According to Reggie, they met an ambassador from outer space, decked out like a 1950s B-Movie alien, who had some bad news for Earth. He makes his entrance by awkwardly riding an escalator down from his ship, an image obviously evoking Donald Trump's often-mocked escalator ride at the very start of his presidential campaign (not to be confused with this, much different, escalator ride). The alien then follows this subtle parody with something a bit more overt, declaring that the "Intergalactic Union of Sentient Beings from all Known Universes and Beyond" are building a wall to keep humans from escaping their solar system.
According to the alien, the wall will be "beautiful, albeit invisible," and will incinerate any probe attempting to venture beyond the celestial border. The alien rationalizes this decision by paraphrasing Donald Trump, stating that Earth is "not sending us your best people. You're bringing drugs, you're bringing crime, you're rapists," which is extremely close to what the president said – out loud and in public – of Mexican immigrants. As the alien returns to his ship and begins the escalator ride back up into the craft, he pantomimes pressing buttons and proclaims, in a direct quote of President Trump, "Bing bing, bong bong bing."
We're Not Alone In The Universe... But Nobody Likes Us
As the episode comes to a close, Agent Scully, when confronted with the opportunity to return to the nostalgia of her childhood, in the form of a package of long-lost Goop-O ABC (not to be confused with Jell-O 123), she opts not to tarnish the memories of her youth, musing, "I want to remember how it was. I want to remember how it all was." Good and bad, the past is in the past, and it can't be recaptured or made new again. Scully can't recapture her childhood by eating a carcinogenic dessert snack, just like there's no way to "Make America Great Again" by electing a reality TV show host to the highest office in the country.
Perhaps Scully's contentedness in leaving her Goop-O uneaten is a subtle nod to Gillian Anderson's decision to retire from The X-Files for good, and a commentary on season 11's controversial storyline involving William's true father, which shocked many fans and caused some to declare The X-Files ruined forever.

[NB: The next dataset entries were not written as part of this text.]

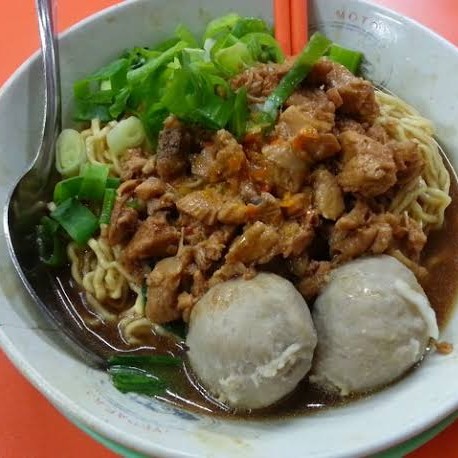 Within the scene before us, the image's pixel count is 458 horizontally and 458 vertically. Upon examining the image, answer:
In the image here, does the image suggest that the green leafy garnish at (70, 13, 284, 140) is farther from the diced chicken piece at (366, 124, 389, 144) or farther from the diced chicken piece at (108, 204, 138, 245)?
the diced chicken piece at (366, 124, 389, 144)

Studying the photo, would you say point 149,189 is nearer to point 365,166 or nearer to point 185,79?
point 185,79

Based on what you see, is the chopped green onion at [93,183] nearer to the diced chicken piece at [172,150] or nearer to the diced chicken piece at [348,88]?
the diced chicken piece at [172,150]

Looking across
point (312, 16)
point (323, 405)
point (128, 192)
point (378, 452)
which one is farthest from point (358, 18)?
point (378, 452)

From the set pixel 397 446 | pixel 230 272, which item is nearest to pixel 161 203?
pixel 230 272

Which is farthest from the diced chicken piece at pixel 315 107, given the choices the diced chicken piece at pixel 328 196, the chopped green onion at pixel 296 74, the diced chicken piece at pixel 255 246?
the diced chicken piece at pixel 255 246

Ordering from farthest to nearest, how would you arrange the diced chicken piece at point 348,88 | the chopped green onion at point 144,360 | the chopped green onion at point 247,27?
the chopped green onion at point 247,27
the diced chicken piece at point 348,88
the chopped green onion at point 144,360

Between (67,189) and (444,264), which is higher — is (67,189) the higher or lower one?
the higher one

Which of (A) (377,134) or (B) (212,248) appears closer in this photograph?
(B) (212,248) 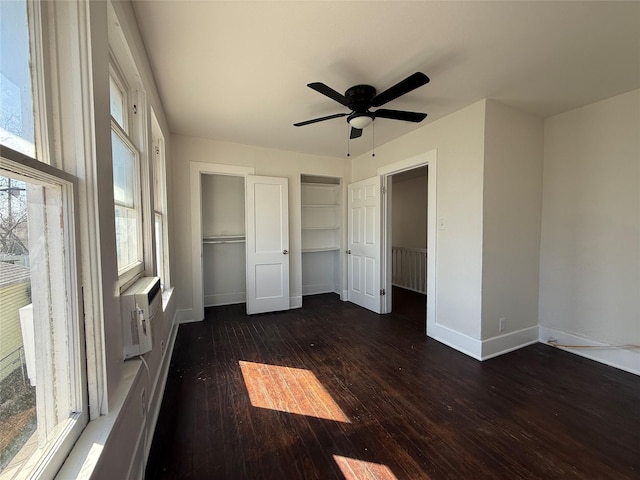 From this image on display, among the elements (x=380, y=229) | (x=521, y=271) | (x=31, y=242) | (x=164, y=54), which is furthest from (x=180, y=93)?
(x=521, y=271)

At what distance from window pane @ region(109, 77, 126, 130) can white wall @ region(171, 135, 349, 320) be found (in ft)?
6.11

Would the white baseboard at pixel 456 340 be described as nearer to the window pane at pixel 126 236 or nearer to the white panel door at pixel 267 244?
the white panel door at pixel 267 244

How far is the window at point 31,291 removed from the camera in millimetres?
678

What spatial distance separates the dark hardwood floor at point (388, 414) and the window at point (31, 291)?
90cm

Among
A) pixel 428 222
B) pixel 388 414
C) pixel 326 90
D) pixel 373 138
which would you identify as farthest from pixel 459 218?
pixel 388 414

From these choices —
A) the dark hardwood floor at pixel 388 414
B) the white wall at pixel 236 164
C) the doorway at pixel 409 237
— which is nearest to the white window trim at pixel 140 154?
the dark hardwood floor at pixel 388 414

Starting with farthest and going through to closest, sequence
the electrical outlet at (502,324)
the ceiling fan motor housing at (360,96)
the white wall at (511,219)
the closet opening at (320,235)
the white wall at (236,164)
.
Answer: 1. the closet opening at (320,235)
2. the white wall at (236,164)
3. the electrical outlet at (502,324)
4. the white wall at (511,219)
5. the ceiling fan motor housing at (360,96)

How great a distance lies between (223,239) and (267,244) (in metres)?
0.96

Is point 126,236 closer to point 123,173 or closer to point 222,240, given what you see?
point 123,173

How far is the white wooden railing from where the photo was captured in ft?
17.0

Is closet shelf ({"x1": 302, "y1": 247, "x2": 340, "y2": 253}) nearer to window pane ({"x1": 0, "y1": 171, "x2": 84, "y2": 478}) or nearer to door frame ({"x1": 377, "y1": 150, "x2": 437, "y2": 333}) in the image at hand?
door frame ({"x1": 377, "y1": 150, "x2": 437, "y2": 333})

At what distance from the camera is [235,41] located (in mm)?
1751

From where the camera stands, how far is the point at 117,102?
1.64m

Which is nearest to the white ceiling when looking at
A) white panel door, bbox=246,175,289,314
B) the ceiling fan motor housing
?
the ceiling fan motor housing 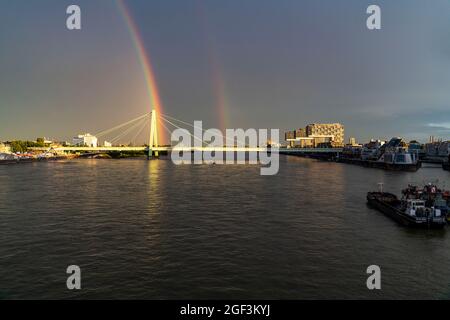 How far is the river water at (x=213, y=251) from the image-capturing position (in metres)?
13.7

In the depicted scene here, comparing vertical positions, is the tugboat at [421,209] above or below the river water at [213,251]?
above

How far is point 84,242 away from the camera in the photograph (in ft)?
63.7

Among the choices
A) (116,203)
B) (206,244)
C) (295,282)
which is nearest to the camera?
(295,282)

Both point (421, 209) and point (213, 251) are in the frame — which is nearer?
point (213, 251)

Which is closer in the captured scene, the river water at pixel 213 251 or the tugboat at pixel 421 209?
the river water at pixel 213 251

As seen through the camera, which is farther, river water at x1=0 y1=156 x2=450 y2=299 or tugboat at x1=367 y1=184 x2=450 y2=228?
tugboat at x1=367 y1=184 x2=450 y2=228

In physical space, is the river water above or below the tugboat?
below

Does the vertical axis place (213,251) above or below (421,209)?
below

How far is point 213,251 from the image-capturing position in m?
18.0

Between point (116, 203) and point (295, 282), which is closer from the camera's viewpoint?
point (295, 282)

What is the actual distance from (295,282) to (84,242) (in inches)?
463

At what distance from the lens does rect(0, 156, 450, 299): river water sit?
1370 cm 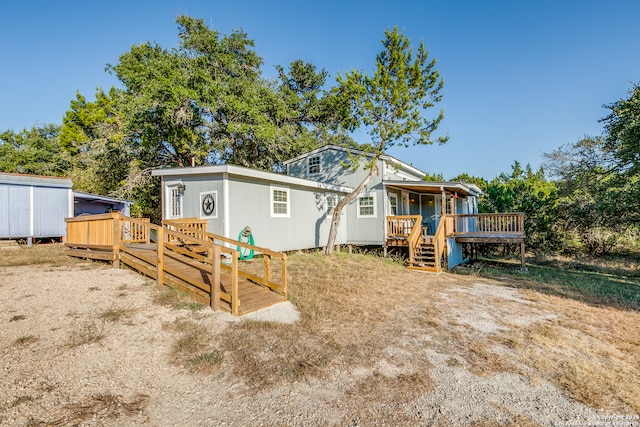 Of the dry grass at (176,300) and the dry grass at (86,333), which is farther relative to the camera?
the dry grass at (176,300)

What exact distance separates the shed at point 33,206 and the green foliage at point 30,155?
15.5m

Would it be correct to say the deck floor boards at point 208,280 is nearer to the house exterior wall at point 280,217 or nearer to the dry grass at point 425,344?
the dry grass at point 425,344

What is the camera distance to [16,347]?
380 centimetres

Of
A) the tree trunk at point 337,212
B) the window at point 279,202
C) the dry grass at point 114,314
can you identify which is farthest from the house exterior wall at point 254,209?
the dry grass at point 114,314

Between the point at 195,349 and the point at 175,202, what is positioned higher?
the point at 175,202

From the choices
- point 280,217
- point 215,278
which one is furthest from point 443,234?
point 215,278

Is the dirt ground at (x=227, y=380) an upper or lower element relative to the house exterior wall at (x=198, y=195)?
lower

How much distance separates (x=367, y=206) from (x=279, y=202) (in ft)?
15.0

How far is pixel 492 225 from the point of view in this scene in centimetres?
1305

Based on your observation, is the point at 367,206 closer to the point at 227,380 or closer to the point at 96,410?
the point at 227,380

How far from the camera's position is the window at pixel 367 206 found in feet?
45.9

The Mandela Effect is rooted in nostalgia, and Donald Trump's "Make America Great Again" promise is rooted in a similar wistful melancholy over days gone by, but The X-Files managed to sum it all up in one of the best hours of television the series has yet produced. Simultaneously jolly and grim, cynically defeatist and yet brimming with the possibilities of an unwritten future, "The Lost Art of Forehead Sweat" is a bittersweet episode which encapsulates the sorry state of America in 2018 and her incompetent, possibly criminal leader, while also offering a dash of optimism towards the future – and indulging in just a little bit of crowd-pleasing nostalgia to remember the past.